For instance, the HCM City Development Joint Stock Commercial Bank, or HDBank, reported a record pre-tax profit of VND2.211 trillion (US$95.36 million) for the first half.
Its revenues rose 17 per cent with income from services rising by 27 per cent.
Foreign direct and portfolio investments have remained strong this year. FDI in the first eight months totalled $24.35 billion, up 4.2 per cent year-on-year, and the central bank’s injection of large amounts of dong to buy the greenback has helped improve the banking sector’s liquidity, thus making lending interest rates cuts easier.
Experts believe the central bank would be able to officially loosen monetary policy by decreasing benchmark interest rates such as the rediscount interest rate and refinance rate soon.
Solar power a hot topic after gridlock
Development of solar power is considered pressing for Vietnam to mitigate its electricity shortage, which is becoming more severe.
According to Vietnam Electricity (EVN), the country will face power severe shortages in the early 2020s.
Its demand for electricity will exceed its supply by 6.6 billion kilowatt hours (kWh) in 2021, increasing to 15 billion kWh by 2023, equivalent to about 5 per cent of demand then.
The country needs 60,000MW of capacity in 2020 and 129,500MW in 2030, meaning it would have to increase by 6,000-7,000MW a year.
Industry insiders said the capacity now is only 47,750MW, and increasing it to 129,500MW within just 12 years would be a big challenge given the slow progress of many power plants due to various reasons.

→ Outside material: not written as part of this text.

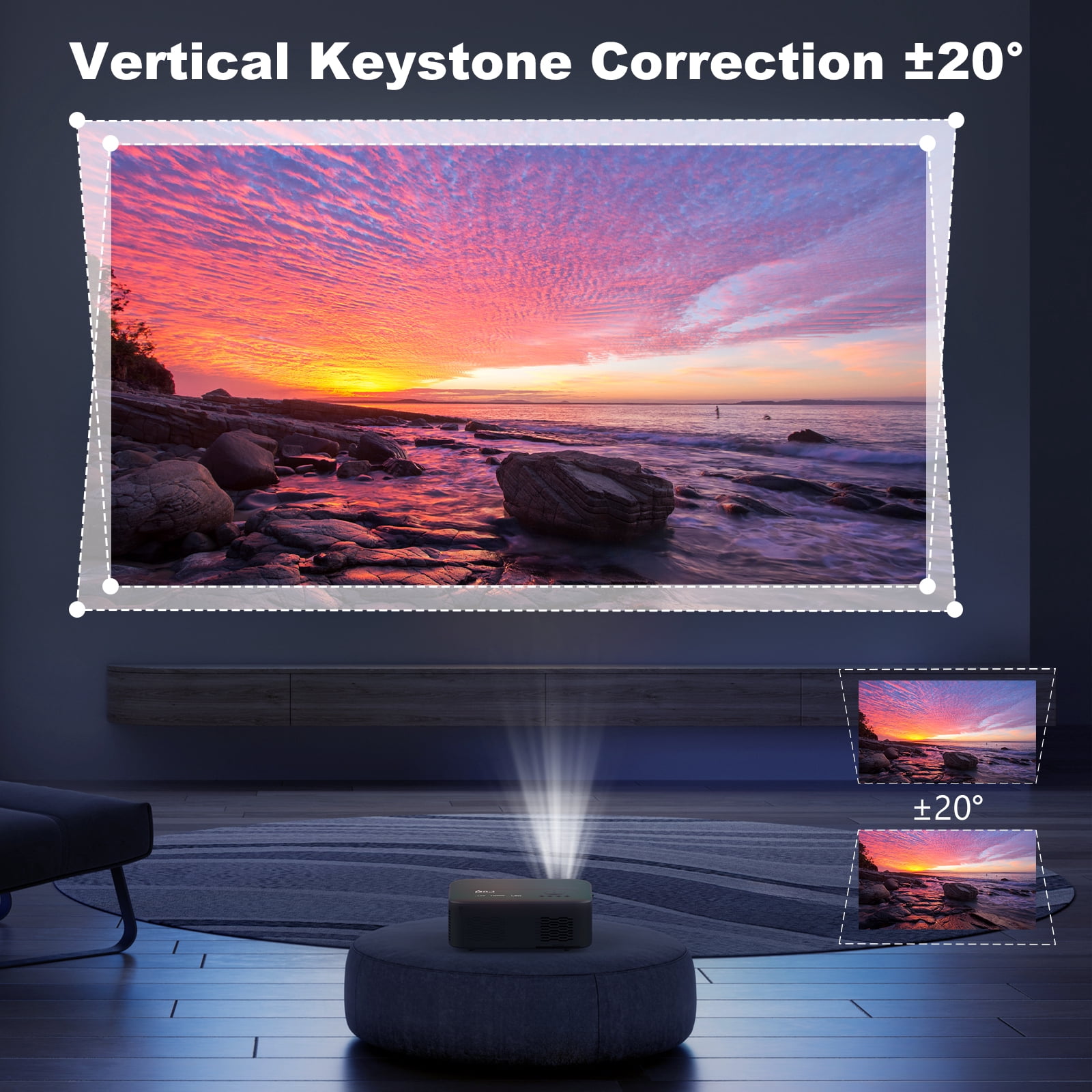 GCZ Native 1080P Projector with WiFi and Bluetooth, 400ANSI Supported 4K Full HD Projector, Electric Focus, Up to 300" Screen Supported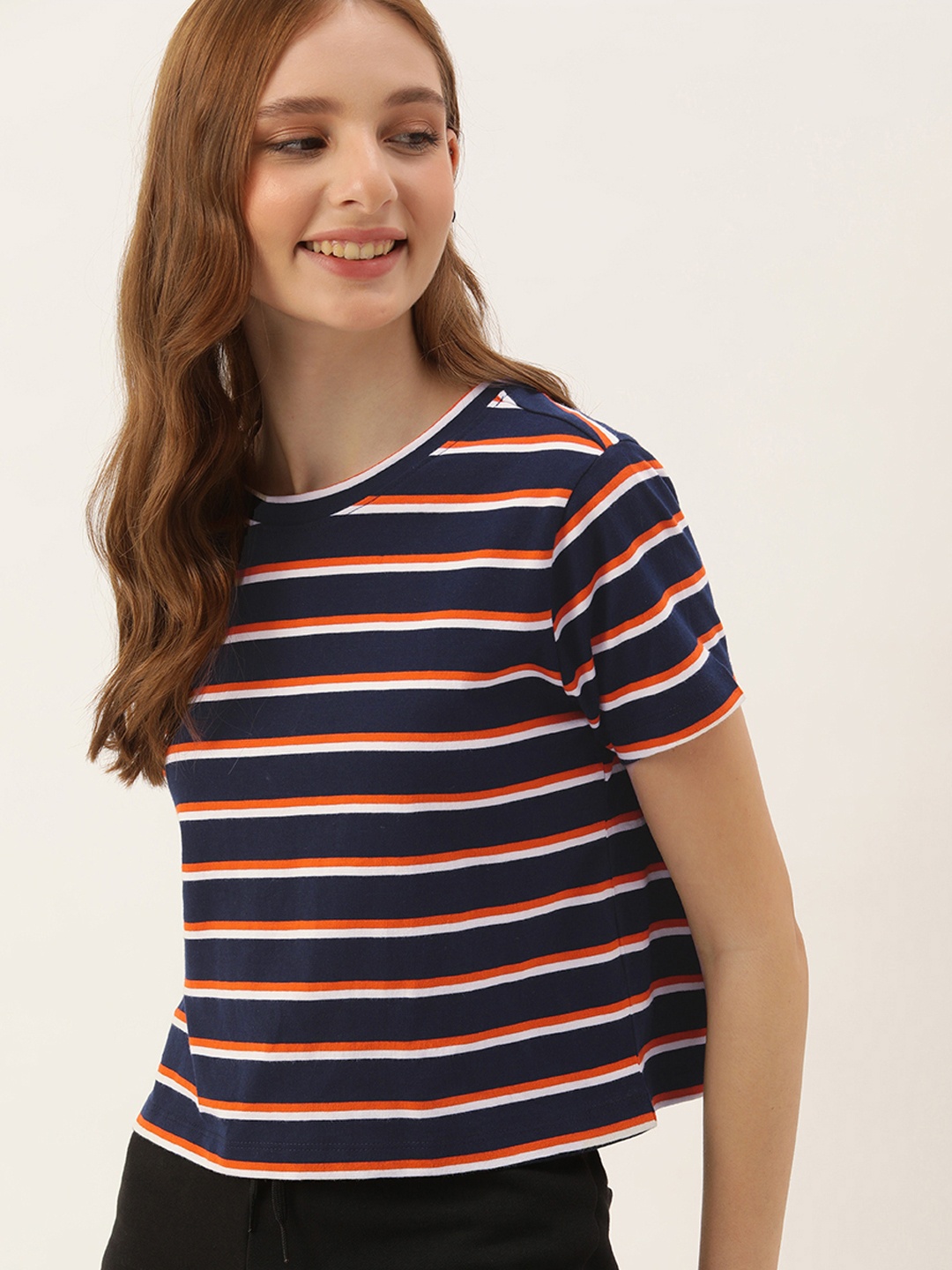 

Mast & Harbour Striped Pure Cotton T-shirt, Navy blue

The country is expected to add 17,000MW of thermal power in the next five years but none of the projects has started yet due to lack of coal and liquefied natural gas.
Thus, the completion of 90 solar power projects in the southern region with a combined capacity of 4,500MW was expected to help ease the power shortage significantly.
But things are not panning out well.
With around 1,600 to 2,700 hours of sunlight per year, the potential for solar energy in Vietnam is 60-100GWH.
To exploit this precious potential, the government issued Decision 11 in 2017 with a range of incentives for the solar power industry.
It set the feed-in-tariff for solar power plants at a high VND2,086 (9.35 cents) per KWh for a period of 20 years.
It offered incentives for installing power lines and substations to connect solar power projects with the power grid and waived or reduced land and water surface lease and land use fees in investment preference areas.
As a result, there was a rush by foreign and local companies to set up solar farms, experts said.
Meanwhile, power transmission and distribution systems did not keep pace, and electric grids quickly became overloaded as the plants began to generate and supply power.
And that is where things stand now.
EVN has been forced to consider measures to reduce the solar power being transmitted to the national grid.
Experts said the Electricity Law stipulates a government monopoly in transmission, meaning the government installs, manages and operates transmission systems.
This regulation is the main hurdle to the development of electricity transmission infrastructure.
The government’s decision also has certain limitations, some pertaining to the power market and others resulting from gaps in the legal framework.
In particular, Decision 11 does not provide for a direct power purchase agreement (PPA) which would have allowed large corporate customers such as industrial parks and manufacturing facilities to buy solar power directly from independent power producers. This model was once considered for wind power, but nothing happened and all power must be distributed through EVN.
Another significant hurdle is the lack of clarity about the ability of investors to invoke a government guarantee for EVN’s obligations as the sole power purchaser.
Analysts said because the country has already exploited nearly all of its hydropower resources, the renewable resources such as wind and solar have become imperative.
While solar energy is widely available, much work needs to be done soon to use it efficiently. Without well-planned investment schemes and operating mechanisms, solar power will merely destabilise the electrical system and could lead to grid collapses.